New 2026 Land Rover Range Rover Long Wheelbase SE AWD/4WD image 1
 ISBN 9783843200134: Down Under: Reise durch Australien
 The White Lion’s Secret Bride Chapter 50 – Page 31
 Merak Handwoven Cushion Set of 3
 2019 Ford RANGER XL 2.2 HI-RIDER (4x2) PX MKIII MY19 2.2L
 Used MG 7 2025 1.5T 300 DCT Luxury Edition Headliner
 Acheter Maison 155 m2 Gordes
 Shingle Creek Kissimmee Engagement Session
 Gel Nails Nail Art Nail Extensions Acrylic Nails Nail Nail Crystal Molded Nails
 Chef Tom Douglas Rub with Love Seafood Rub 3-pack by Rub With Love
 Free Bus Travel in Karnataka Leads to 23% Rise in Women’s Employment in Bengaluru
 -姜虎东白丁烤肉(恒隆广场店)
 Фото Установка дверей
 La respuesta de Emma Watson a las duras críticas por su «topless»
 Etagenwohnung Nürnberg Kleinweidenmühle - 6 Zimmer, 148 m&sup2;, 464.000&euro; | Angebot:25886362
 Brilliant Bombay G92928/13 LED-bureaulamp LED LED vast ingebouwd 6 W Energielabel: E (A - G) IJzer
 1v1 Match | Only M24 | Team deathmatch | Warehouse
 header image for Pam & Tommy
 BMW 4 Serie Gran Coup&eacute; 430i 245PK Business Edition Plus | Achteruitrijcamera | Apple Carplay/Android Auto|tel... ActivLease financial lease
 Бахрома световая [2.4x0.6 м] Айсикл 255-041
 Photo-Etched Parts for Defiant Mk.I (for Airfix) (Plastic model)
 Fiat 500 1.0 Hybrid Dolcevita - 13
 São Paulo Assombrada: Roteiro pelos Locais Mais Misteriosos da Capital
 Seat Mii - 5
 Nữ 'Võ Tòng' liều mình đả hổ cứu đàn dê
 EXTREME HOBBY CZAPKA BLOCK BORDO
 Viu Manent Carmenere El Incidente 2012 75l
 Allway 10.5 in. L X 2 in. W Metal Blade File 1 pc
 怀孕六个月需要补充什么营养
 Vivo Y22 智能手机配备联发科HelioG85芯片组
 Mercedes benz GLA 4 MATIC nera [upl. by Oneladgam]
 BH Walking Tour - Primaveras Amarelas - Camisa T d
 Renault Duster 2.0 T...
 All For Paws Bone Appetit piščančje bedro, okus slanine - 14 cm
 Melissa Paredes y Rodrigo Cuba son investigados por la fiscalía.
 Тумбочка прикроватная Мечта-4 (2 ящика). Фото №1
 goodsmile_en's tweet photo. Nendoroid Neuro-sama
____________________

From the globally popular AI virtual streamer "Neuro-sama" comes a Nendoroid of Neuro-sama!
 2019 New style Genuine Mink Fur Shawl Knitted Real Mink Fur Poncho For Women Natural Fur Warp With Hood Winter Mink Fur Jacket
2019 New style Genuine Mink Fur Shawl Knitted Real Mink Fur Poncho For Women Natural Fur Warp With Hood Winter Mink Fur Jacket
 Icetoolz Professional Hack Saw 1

# TASK REQUIREMENTS
Write the whole of the data out again exactly as it stands.

# RESPONSE TO THE EXERCISE
New 2026 Land Rover Range Rover Long Wheelbase SE AWD/4WD image 1
 ISBN 9783843200134: Down Under: Reise durch Australien
 The White Lion’s Secret Bride Chapter 50 – Page 31
 Merak Handwoven Cushion Set of 3
 2019 Ford RANGER XL 2.2 HI-RIDER (4x2) PX MKIII MY19 2.2L
 Used MG 7 2025 1.5T 300 DCT Luxury Edition Headliner
 Acheter Maison 155 m2 Gordes
 Shingle Creek Kissimmee Engagement Session
 Gel Nails Nail Art Nail Extensions Acrylic Nails Nail Nail Crystal Molded Nails
 Chef Tom Douglas Rub with Love Seafood Rub 3-pack by Rub With Love
 Free Bus Travel in Karnataka Leads to 23% Rise in Women’s Employment in Bengaluru
 -姜虎东白丁烤肉(恒隆广场店)
 Фото Установка дверей
 La respuesta de Emma Watson a las duras críticas por su «topless»
 Etagenwohnung Nürnberg Kleinweidenmühle - 6 Zimmer, 148 m&sup2;, 464.000&euro; | Angebot:25886362
 Brilliant Bombay G92928/13 LED-bureaulamp LED LED vast ingebouwd 6 W Energielabel: E (A - G) IJzer
 1v1 Match | Only M24 | Team deathmatch | Warehouse
 header image for Pam & Tommy
 BMW 4 Serie Gran Coup&eacute; 430i 245PK Business Edition Plus | Achteruitrijcamera | Apple Carplay/Android Auto|tel... ActivLease financial lease
 Бахрома световая [2.4x0.6 м] Айсикл 255-041
 Photo-Etched Parts for Defiant Mk.I (for Airfix) (Plastic model)
 Fiat 500 1.0 Hybrid Dolcevita - 13
 São Paulo Assombrada: Roteiro pelos Locais Mais Misteriosos da Capital
 Seat Mii - 5
 Nữ 'Võ Tòng' liều mình đả hổ cứu đàn dê
 EXTREME HOBBY CZAPKA BLOCK BORDO
 Viu Manent Carmenere El Incidente 2012 75l
 Allway 10.5 in. L X 2 in. W Metal Blade File 1 pc
 怀孕六个月需要补充什么营养
 Vivo Y22 智能手机配备联发科HelioG85芯片组
 Mercedes benz GLA 4 MATIC nera [upl. by Oneladgam]
 BH Walking Tour - Primaveras Amarelas - Camisa T d
 Renault Duster 2.0 T...
 All For Paws Bone Appetit piščančje bedro, okus slanine - 14 cm
 Melissa Paredes y Rodrigo Cuba son investigados por la fiscalía.
 Тумбочка прикроватная Мечта-4 (2 ящика). Фото №1
 goodsmile_en's tweet photo. Nendoroid Neuro-sama
____________________

From the globally popular AI virtual streamer "Neuro-sama" comes a Nendoroid of Neuro-sama!
 2019 New style Genuine Mink Fur Shawl Knitted Real Mink Fur Poncho For Women Natural Fur Warp With Hood Winter Mink Fur Jacket
2019 New style Genuine Mink Fur Shawl Knitted Real Mink Fur Poncho For Women Natural Fur Warp With Hood Winter Mink Fur Jacket
 Icetoolz Professional Hack Saw 1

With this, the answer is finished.